In 2011, Ahed Tamimi was 10-years-old when Israeli soldiers arrested her father and charged him with the crime of organizing weekly demonstrations in their village to oppose the theft of its land for the benefit of a neighboring Israeli settlement. It would be 13 months before he was released and she would see her father again.
That same year, Israeli soldiers shot Mustafa Tamimi, Ahed’s 28-year-old cousin, in the face with a high velocity tear gas canister. Half of Mustafa’s face was destroyed. He passed away the next morning at the hospital.
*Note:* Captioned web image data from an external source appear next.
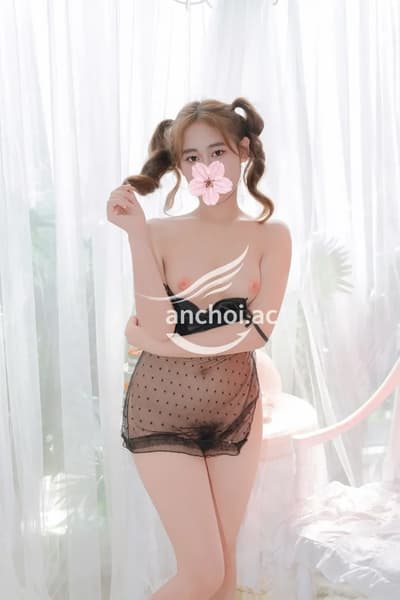 BÉ BÔNG - MỚI TỪ QUÊ LÊN LÀM LẦN ĐẦU TIÊN BÍM KHÍT NHIỀU NƯỚC MẶT XINH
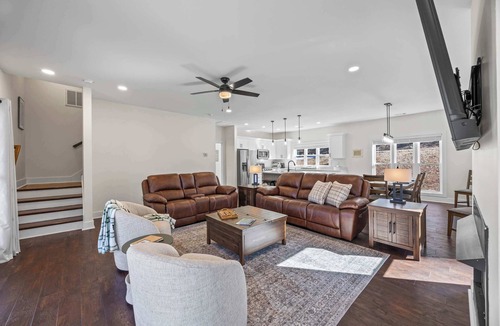 Lavonia House | Harbor Light Lake House w/Hot Tub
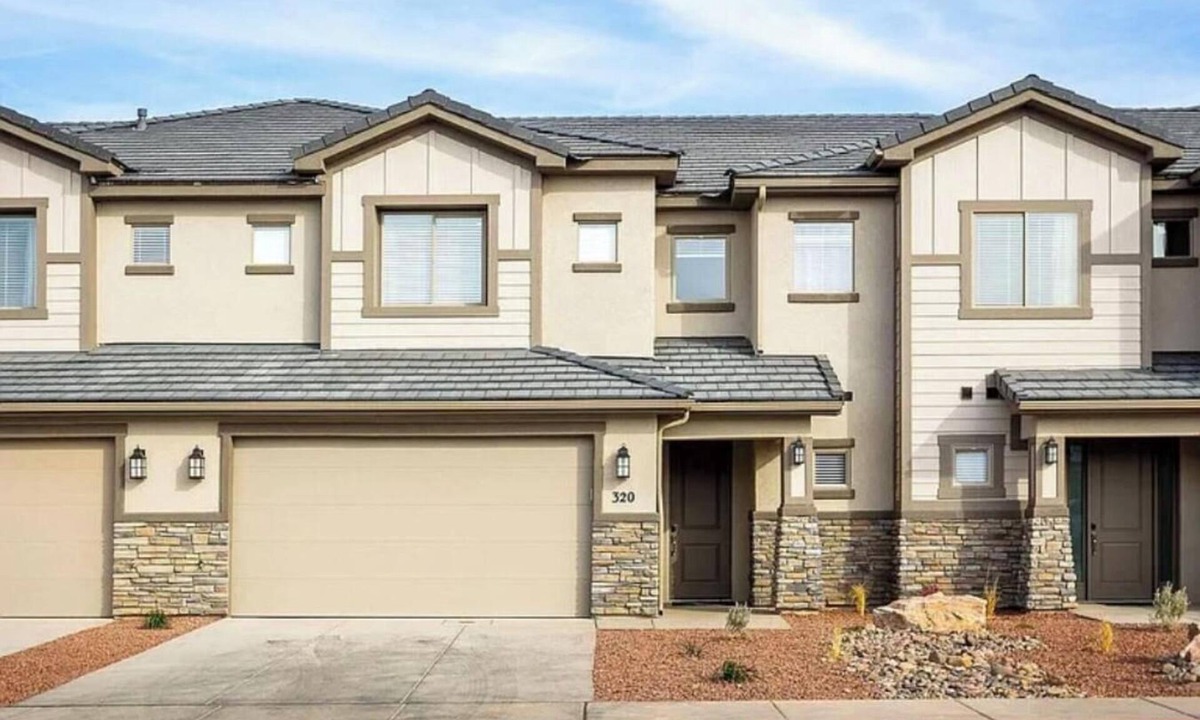 Hurricane House | 12-Guest Luxury Retreat-Near Zion, Pool & Fire Pit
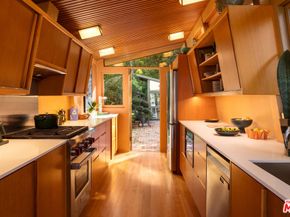 3580 Multiview Drive, Los Angeles CA 90068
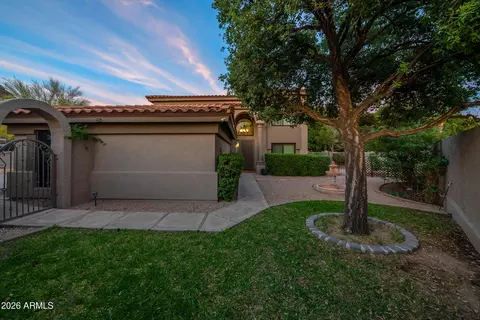 Exterior - 1539 E Winged Foot Rd, Phoenix, AZ 85022 photo 7 of 21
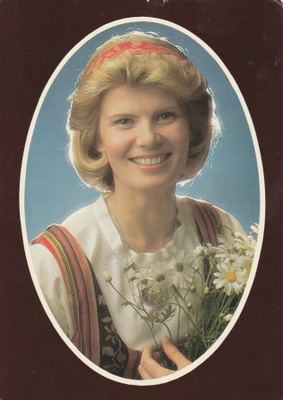 PAULATYTTÖ - MAISA VENÄLÄINEN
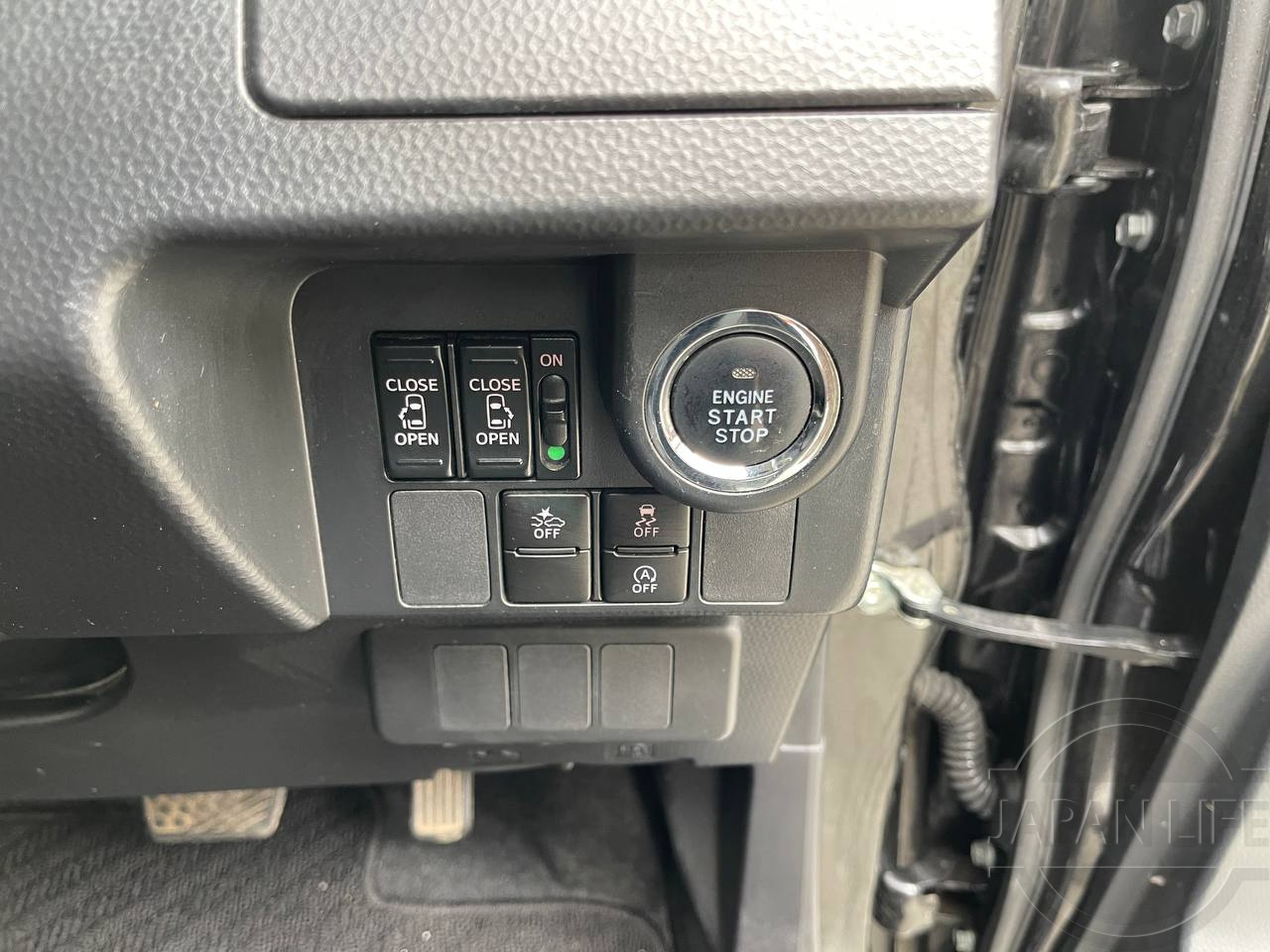 Фото Toyota Tank - Japan Life 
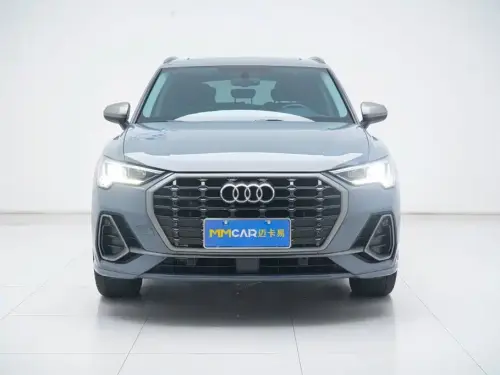 Audi Q3, 2022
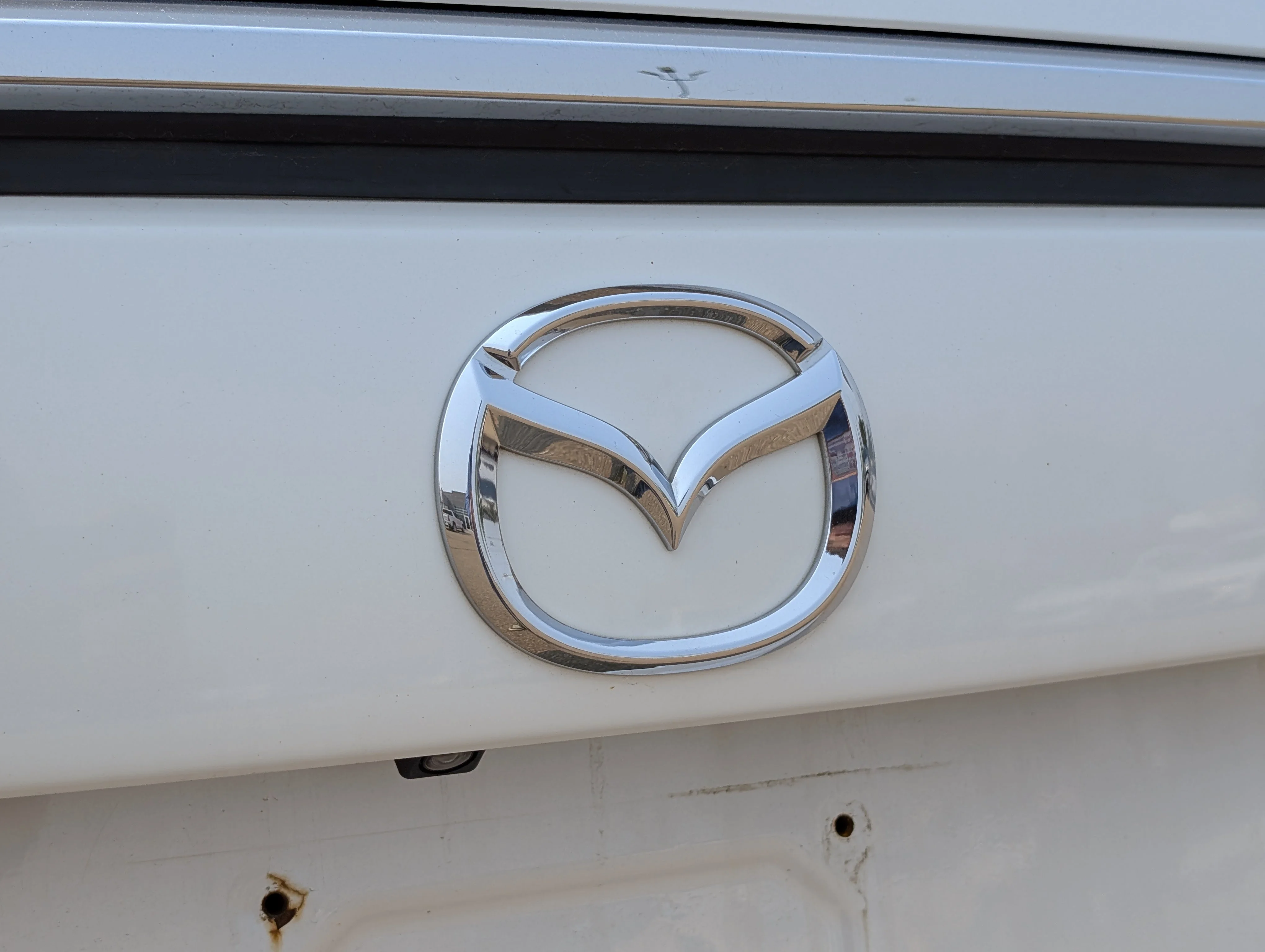 Used 2017 White Mazda GT image 15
The following year, when Ahed was 11 years old, Israeli soldiers shot her uncle, Rushdi Tamimi, in his lower back with live ammunition. The bullet lodged in his stomach and he died the next morning in the hospital.
Ahed was 13 when Israeli soldiers shot her mother, Nariman Tamimi, in the leg with a 22-caliber bullet. Ahed stood by, crying in the arms of her father, as her mother was placed in the back of an ambulance. Her mother had to rely on crutches for a number of years until she regained use of her legs.
These are only a few of the tragedies of violence that Ahed has witnessed and suffered as an adolescent and early teen growing up under Israel occupation. More of her cousins and brothers have been injured and served time in Israeli prisons than is simple to count.
Just before the “slap heard round the world” on December 15, 2017, Ahed’s 14-year-old cousin, Mohammed Tamimi was hit directly in the face with a rubber coated steel bullet. During the incident, Israeli soldiers fired tear gas canisters at Ahed’s house shattering many of its windows. They then stationed themselves in the yard of the house.
Mohammed was finally released from the hospital last week. Stitches and deep purple bruising cover the front of his face as he recovers.
Ahed Tamimi versus the Israeli army isn’t the first time an abuser has cried victim. Blue Lives Matter claims police, not unarmed black men, who are systematically targeted and killed. President Trump threatens to sue the women who accuse him of sexual assault. Israel is notorious for claiming they are being oppressed by the people they hold hostage. In this case, they have taken aim at a 16-year old girl, claiming she, with her bare hand, is a larger than life threat to them and their first class military might. As Ahed’s trial continues, we must remember whose who is the occupier and who is the occupied. With this in mind, we must demand freedom for Ahed and freedom for all of Palestine.
And understand why a 16-year-old girl would want to hit the police that are occupying her land and home and killing her family.